Ao sair do consultório disparava dentro de si um sentimento destruidor: revolta! Só revolta.
De repente, quem conhecia o simpático Manuel falava do seu «virar de casaca» e viravam-lhe a cara. Era como se ele não tivesse uma história anterior e a sua vida tivesse começado ali, agora, num filme de mal-querer. Manuel ficou só. Muito só naquela vontade de destruir a si mesmo e a tudo o que o rodeava: se destruísse a alegria que voava à sua volta, talvez não notasse o tamanho da sua infelicidade.
No hospital ofendia os doentes e os profissionais. Tornou-se até perigoso. A expulsão era uma possibilidade.
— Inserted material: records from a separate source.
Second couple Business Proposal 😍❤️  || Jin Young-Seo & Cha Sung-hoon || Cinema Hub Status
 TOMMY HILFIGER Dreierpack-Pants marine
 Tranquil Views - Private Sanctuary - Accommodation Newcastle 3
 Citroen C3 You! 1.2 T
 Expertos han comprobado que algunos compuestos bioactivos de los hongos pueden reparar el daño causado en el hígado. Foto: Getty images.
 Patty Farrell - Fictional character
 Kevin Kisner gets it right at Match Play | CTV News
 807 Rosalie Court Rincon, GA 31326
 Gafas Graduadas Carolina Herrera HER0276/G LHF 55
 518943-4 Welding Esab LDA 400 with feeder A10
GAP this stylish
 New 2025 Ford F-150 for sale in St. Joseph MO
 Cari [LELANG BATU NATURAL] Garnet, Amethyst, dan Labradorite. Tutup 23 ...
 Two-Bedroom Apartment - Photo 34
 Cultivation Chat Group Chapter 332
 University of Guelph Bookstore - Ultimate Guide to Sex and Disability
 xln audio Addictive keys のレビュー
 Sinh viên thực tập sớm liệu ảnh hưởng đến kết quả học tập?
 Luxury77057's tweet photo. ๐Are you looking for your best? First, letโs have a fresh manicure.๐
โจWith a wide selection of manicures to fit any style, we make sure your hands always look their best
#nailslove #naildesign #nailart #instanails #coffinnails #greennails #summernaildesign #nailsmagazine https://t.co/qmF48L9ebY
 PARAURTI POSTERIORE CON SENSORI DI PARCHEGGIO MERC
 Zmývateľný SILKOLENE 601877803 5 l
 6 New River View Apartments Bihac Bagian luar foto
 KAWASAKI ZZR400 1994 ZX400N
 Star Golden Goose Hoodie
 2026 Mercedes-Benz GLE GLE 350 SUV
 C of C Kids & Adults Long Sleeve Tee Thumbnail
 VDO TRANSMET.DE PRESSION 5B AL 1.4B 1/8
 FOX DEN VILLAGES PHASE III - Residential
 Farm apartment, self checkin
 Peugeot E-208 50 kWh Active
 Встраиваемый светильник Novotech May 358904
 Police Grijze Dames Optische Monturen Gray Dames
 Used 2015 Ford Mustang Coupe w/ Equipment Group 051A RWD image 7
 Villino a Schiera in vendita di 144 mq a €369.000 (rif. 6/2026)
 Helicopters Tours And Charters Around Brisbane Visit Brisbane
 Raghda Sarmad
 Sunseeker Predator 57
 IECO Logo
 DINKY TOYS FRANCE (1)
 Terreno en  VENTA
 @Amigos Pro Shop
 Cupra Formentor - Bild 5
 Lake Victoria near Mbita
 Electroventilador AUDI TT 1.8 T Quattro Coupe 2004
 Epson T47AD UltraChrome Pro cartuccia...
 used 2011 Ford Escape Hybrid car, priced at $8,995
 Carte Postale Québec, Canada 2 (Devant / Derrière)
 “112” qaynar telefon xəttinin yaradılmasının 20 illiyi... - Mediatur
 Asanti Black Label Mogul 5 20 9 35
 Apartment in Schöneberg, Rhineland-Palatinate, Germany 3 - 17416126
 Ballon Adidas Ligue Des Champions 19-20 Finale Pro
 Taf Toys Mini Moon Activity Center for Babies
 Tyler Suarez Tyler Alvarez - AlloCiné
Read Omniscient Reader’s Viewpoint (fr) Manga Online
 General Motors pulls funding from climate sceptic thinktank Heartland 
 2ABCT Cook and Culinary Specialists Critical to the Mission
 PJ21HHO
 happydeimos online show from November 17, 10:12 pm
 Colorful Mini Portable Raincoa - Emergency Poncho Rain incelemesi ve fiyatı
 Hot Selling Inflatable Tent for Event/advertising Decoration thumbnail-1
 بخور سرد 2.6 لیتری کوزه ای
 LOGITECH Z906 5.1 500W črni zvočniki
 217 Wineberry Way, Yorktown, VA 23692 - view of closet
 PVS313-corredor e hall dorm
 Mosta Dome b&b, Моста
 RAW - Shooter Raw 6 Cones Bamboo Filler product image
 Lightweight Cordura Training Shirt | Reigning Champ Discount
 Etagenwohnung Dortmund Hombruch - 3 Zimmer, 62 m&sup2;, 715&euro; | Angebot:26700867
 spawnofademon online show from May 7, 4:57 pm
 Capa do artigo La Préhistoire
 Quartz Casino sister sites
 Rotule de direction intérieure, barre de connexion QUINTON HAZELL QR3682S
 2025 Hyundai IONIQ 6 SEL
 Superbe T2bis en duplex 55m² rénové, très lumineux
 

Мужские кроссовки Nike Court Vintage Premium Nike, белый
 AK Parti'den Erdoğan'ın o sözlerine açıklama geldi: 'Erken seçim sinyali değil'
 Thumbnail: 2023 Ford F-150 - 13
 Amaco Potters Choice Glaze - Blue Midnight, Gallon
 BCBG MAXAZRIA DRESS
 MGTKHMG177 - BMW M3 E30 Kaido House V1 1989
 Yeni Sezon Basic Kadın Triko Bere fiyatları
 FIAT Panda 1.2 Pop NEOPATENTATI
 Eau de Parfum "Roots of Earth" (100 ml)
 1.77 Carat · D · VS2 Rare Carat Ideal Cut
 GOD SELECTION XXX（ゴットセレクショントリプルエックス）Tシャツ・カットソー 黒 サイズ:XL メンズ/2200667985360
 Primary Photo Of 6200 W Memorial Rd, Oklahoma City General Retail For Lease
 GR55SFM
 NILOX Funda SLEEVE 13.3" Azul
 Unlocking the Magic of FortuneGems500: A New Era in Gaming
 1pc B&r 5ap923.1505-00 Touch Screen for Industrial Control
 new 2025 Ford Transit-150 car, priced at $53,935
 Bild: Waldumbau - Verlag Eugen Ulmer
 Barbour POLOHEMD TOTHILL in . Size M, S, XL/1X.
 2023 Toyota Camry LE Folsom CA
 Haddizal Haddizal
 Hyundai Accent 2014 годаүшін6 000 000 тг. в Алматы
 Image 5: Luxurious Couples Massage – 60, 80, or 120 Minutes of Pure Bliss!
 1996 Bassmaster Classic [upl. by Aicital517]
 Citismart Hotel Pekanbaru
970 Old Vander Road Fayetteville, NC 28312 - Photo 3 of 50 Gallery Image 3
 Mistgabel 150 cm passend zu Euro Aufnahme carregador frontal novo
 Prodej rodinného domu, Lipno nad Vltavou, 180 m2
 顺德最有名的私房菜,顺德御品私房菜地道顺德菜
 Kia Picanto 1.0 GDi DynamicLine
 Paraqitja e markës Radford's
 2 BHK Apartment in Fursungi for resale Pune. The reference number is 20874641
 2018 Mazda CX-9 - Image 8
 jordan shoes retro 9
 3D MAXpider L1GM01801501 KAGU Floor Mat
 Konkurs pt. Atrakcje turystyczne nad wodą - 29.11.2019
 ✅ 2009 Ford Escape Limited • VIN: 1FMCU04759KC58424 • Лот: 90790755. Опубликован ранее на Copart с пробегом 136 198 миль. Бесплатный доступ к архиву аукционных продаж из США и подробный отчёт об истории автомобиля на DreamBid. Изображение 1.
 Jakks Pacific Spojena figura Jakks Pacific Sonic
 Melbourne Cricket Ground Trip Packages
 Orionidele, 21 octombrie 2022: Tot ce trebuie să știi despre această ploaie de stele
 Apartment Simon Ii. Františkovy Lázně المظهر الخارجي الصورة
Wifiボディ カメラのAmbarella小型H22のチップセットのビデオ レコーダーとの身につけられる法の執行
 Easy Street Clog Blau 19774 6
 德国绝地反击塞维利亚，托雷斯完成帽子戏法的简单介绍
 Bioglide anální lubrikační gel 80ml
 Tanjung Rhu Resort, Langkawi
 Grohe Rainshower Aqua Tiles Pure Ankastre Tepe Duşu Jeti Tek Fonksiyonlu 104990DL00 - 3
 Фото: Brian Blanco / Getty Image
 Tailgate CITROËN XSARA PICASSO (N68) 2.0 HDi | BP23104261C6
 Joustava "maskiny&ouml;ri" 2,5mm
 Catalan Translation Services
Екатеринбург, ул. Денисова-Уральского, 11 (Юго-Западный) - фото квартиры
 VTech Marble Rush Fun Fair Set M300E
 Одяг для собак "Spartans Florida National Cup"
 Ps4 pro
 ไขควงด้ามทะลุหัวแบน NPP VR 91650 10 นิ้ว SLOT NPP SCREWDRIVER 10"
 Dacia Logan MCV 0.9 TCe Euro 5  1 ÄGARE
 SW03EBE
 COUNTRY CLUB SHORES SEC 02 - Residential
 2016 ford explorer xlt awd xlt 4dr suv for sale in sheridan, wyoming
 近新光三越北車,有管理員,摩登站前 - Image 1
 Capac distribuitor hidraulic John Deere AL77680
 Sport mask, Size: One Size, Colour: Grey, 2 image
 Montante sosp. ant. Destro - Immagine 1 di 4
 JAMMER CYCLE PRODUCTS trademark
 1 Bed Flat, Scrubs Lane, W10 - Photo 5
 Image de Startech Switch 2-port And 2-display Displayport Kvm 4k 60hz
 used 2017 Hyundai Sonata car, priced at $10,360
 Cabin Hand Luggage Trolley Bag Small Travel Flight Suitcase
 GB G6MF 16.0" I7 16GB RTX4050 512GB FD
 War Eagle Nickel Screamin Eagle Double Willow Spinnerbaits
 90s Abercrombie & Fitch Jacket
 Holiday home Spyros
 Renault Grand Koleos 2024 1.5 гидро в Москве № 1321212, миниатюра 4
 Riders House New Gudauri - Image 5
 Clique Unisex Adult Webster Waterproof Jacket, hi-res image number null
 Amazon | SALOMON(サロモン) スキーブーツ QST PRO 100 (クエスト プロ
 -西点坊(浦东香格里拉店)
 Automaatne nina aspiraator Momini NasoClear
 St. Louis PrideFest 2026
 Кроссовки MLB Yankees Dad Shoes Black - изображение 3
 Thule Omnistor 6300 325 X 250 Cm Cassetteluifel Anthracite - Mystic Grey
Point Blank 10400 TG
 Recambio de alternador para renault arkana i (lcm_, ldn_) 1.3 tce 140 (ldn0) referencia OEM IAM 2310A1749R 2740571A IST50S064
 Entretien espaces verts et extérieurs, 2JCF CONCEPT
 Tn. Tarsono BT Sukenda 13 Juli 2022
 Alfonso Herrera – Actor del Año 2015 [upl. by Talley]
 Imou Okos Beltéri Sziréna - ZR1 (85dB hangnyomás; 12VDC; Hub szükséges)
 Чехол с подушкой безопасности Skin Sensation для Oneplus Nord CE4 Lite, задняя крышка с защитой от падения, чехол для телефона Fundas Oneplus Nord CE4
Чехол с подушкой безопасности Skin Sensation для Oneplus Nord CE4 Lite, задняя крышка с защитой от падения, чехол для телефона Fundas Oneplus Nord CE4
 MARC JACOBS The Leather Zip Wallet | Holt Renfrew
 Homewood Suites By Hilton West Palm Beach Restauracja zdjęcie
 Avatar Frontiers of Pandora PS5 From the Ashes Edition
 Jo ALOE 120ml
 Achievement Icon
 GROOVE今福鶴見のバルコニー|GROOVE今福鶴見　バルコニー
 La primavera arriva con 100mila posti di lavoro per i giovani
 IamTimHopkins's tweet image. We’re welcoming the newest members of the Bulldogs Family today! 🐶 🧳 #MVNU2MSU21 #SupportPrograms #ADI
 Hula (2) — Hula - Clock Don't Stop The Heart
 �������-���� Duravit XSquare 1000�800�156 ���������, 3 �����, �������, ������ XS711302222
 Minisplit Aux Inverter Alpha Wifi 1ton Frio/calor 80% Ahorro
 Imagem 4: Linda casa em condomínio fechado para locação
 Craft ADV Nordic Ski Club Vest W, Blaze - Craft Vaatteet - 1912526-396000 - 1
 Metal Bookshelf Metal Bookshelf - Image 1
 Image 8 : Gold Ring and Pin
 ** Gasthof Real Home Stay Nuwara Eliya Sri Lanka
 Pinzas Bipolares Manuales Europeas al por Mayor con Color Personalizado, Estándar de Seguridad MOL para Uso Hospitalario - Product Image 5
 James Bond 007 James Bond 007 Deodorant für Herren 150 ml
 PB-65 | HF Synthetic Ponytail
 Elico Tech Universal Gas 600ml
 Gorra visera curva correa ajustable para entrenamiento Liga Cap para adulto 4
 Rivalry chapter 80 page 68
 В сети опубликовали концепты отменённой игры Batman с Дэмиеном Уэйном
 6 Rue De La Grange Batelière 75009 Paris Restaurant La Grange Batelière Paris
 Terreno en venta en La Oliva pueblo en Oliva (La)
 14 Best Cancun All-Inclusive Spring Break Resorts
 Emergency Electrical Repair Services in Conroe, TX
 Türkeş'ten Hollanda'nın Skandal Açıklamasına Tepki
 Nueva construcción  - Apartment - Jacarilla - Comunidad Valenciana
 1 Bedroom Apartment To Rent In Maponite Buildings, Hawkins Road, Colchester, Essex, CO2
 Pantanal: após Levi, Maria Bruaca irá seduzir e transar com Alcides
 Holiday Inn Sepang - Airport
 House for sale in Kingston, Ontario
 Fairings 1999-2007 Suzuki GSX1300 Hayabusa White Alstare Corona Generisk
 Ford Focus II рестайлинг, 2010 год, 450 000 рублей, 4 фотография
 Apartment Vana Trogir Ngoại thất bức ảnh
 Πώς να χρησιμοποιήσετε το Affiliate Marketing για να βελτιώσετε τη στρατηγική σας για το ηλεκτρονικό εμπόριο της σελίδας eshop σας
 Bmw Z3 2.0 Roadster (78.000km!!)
– Como evitar isto? – perguntava-se a doutora Helena. Apesar de não escapar à agressividade de Manuel, sabia que era a única em que ele confiava. Decidiu chamá-lo e propôs-lhe uma alternativa que aliviaria a todos:
– Senhor Manuel, parece-me que vir ao hospital é muito difícil para si. Quer ser consultado na clínica onde eu trabalho? Penso que lá seria mais confortável.
Resmungando, Manuel aceitou.
Contudo, logo no primeiro dia foi tão ofensivo que a médica teve vontade de desistir. Não conseguia ajudá-lo. E porque haveria de ajudá-lo se ele próprio recusava ajuda e desistira de viver?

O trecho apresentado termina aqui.